I think Joe Pluta and others have suggested that this exposure is an
esoteric example.  I'm inclined to feel the same -- most shops have more
glaring "real world" exposures.  If someone had an opportunity to present
such a program to a typical AS/400 he or she would have probably had a dozen
opportunities to use simpler techniques.  Nonetheless, depending on degree
of difficulty or likelihood of breach are not a good security policies.

What I'm wondering is whether other traditional business systems
architectures do or do not have similar exposures.  For example, when I was
in a shop that used Sybase years ago I was told that if you understood the
architecture you could bypass database security by reading the underlying
data files directly.  I don't know if it was really true of Sybase and I
don't think that the same is true of an Oracle database.  Even if it were
true, an n-tier model protects you from much of the exposure.  The
application makes database requests through the Oracle listener, and doesn't
have the opportunity to run an OS-level program on the server.

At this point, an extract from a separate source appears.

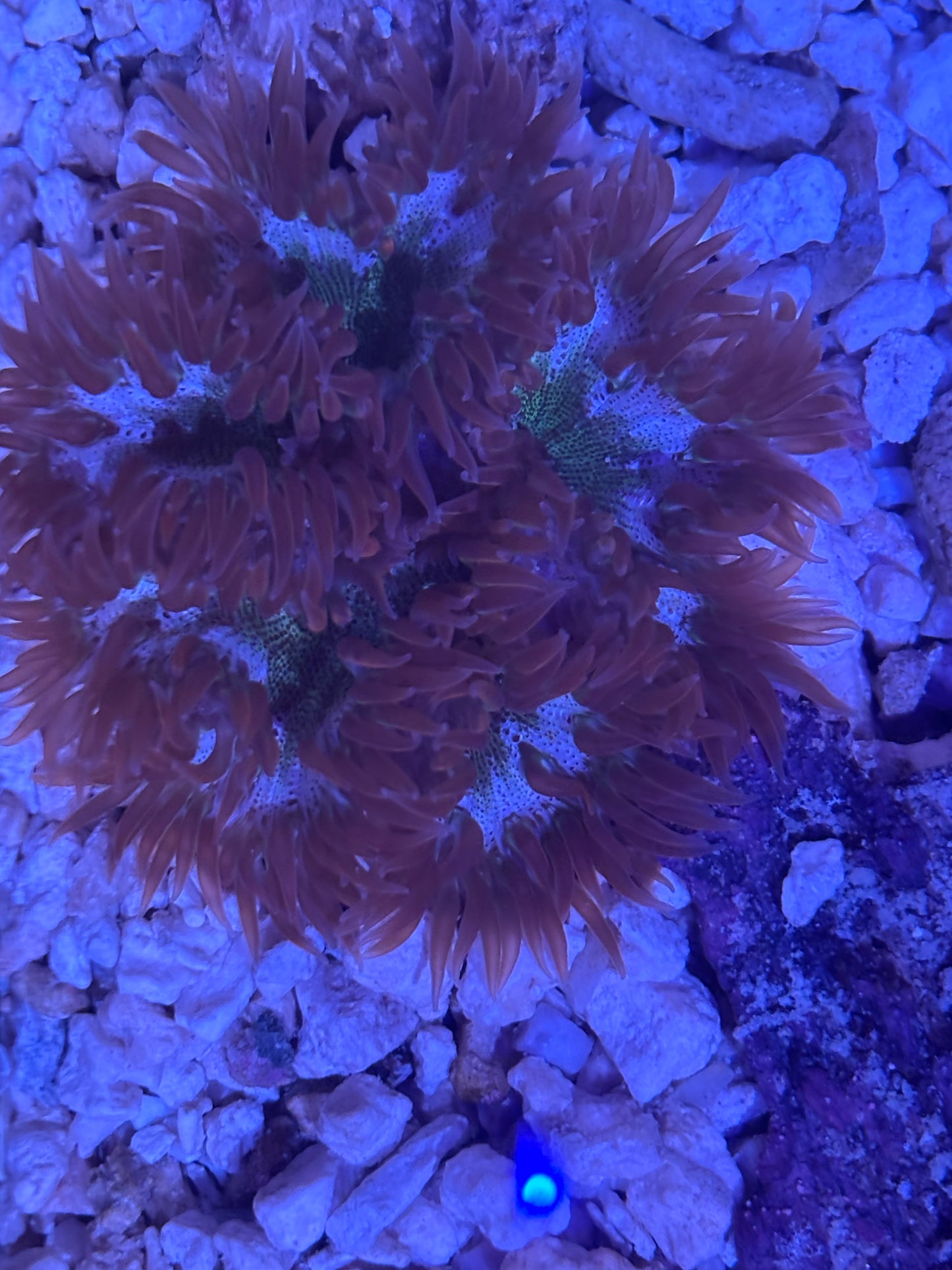 Assorted rock flower nem red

What do you think?  Are there other systems/databases that are inherently
better equipped to protect you from the types of exposures SLS presents?

-Jim

James P. Damato
Manager - Technical Administration
Dollar General Corporation
<mailto:jdamato@dollargeneral.com>


-----Original Message-----
From: Leif Svalgaard [mailto:leif@leif.org]
Sent: Monday, October 28, 2002 10:52 PM
To: midrange-l@midrange.com
Subject: Re: Paging file


From: David Gibbs <david@midrange.com>
> >The SLS is a very bad security risk. With fake pointers
> >one can access everything everywhere. My eBook
> >shows a simple tool, MIEXPLR, to do just that.
>
> But a program has to run in system state to do this, right?
>

yes, but a user state program can switch itself into system
state and out at will. The archives are full of discussions of this.